[THE TASK]
Collect all lines below with the string "Cold".

Items from a dataset:
######
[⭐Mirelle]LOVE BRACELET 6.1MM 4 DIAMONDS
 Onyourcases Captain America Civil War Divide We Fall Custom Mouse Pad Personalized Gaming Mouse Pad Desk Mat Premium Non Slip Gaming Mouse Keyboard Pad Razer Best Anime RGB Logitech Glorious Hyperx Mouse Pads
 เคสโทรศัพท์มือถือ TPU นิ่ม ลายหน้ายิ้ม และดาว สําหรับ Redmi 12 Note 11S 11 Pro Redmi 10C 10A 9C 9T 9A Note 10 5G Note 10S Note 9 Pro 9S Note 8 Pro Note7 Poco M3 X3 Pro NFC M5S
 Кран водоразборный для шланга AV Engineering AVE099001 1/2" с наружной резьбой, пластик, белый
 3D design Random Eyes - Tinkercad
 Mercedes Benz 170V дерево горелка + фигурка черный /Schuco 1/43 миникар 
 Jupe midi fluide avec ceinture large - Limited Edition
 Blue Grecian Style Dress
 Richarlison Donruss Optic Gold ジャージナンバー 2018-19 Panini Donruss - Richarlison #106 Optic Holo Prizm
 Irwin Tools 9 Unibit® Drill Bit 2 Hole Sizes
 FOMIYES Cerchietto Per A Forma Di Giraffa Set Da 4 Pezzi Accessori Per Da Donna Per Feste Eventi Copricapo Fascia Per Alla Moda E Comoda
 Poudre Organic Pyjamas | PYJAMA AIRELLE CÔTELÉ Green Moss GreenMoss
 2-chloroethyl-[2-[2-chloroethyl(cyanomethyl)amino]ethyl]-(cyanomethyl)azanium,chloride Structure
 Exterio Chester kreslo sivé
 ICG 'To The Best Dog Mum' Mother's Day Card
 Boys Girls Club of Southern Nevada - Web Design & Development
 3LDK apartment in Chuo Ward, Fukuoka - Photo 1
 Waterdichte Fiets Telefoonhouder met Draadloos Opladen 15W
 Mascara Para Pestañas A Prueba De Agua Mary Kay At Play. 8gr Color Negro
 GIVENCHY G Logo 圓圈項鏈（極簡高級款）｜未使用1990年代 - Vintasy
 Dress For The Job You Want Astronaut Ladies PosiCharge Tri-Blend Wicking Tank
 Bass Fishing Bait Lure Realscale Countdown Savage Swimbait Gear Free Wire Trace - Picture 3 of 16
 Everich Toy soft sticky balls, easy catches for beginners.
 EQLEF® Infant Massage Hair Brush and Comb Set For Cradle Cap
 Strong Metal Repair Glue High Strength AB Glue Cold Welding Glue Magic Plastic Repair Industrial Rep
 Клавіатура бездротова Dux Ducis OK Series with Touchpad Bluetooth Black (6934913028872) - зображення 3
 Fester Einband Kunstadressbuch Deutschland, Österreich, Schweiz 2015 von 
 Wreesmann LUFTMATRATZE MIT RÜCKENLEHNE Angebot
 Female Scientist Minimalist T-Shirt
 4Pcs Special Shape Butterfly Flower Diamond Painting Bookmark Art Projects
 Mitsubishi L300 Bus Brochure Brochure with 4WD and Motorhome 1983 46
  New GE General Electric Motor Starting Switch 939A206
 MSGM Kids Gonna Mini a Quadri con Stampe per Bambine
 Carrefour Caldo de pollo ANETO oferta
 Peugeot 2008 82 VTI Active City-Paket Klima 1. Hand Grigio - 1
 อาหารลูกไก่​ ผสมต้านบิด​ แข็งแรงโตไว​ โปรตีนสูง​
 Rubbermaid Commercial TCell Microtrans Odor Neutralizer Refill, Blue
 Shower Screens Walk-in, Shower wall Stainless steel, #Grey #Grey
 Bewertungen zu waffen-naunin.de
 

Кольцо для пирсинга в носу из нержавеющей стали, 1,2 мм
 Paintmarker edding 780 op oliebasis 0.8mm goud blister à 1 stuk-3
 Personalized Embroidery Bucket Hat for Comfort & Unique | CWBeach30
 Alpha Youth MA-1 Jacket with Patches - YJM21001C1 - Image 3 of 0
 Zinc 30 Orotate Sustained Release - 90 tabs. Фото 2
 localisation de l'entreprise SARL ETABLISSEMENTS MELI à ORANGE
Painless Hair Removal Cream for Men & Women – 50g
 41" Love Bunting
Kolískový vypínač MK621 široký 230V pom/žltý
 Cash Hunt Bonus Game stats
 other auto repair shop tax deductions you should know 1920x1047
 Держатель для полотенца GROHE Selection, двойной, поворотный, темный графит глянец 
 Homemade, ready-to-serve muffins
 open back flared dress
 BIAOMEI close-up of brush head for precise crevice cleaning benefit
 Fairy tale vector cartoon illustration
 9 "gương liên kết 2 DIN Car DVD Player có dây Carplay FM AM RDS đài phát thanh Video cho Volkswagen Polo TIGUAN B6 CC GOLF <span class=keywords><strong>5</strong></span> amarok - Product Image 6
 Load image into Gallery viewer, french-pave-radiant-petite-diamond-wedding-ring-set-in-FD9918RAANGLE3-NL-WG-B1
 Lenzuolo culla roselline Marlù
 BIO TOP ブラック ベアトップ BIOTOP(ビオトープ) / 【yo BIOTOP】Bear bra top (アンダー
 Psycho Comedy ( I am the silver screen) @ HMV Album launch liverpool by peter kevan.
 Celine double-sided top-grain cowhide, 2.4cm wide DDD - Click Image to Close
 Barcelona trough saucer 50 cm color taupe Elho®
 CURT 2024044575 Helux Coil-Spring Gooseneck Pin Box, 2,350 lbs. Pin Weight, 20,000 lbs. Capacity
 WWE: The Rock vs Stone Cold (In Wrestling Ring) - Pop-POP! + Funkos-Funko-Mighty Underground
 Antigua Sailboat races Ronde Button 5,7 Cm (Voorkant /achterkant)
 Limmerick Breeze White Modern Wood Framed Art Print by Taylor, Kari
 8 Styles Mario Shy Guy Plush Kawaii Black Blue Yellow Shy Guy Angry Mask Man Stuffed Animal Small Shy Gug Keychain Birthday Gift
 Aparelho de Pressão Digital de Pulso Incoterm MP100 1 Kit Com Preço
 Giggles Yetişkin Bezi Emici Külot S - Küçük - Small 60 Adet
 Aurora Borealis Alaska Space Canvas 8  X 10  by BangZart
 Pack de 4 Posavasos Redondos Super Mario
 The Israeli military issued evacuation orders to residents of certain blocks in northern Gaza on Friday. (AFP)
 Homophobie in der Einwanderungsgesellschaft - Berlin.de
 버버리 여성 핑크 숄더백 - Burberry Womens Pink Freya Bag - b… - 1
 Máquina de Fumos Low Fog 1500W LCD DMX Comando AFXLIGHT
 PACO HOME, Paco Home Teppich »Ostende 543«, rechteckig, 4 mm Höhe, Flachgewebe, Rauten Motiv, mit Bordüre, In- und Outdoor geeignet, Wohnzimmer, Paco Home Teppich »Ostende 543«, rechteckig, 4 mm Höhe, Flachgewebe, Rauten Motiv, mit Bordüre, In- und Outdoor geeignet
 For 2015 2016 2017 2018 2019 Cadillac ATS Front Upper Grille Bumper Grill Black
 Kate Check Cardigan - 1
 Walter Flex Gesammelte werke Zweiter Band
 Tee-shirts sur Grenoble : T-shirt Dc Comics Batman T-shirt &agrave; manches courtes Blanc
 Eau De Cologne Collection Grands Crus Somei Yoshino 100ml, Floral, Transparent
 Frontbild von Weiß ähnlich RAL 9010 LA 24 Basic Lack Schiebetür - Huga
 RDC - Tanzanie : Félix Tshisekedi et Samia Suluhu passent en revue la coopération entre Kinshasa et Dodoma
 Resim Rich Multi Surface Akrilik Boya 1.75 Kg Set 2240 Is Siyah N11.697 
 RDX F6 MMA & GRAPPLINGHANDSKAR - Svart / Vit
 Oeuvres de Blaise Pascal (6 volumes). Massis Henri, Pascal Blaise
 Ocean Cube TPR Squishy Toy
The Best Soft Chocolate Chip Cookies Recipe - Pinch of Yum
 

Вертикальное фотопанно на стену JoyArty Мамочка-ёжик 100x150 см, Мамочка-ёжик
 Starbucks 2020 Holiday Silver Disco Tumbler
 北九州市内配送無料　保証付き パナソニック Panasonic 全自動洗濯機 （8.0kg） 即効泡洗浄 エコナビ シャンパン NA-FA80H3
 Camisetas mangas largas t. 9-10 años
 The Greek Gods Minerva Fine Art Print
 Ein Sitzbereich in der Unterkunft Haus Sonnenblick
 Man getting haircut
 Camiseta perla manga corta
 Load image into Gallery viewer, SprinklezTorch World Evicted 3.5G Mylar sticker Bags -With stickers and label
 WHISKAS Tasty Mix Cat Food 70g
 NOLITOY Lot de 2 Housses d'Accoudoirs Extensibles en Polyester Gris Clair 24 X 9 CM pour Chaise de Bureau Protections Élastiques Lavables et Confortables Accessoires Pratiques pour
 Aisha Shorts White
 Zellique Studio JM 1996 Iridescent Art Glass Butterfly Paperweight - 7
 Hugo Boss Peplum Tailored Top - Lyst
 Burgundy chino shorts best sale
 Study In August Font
######
[OUTPUT]
 Strong Metal Repair Glue High Strength AB Glue Cold Welding Glue Magic Plastic Repair Industrial Rep
 WWE: The Rock vs Stone Cold (In Wrestling Ring) - Pop-POP! + Funkos-Funko-Mighty Underground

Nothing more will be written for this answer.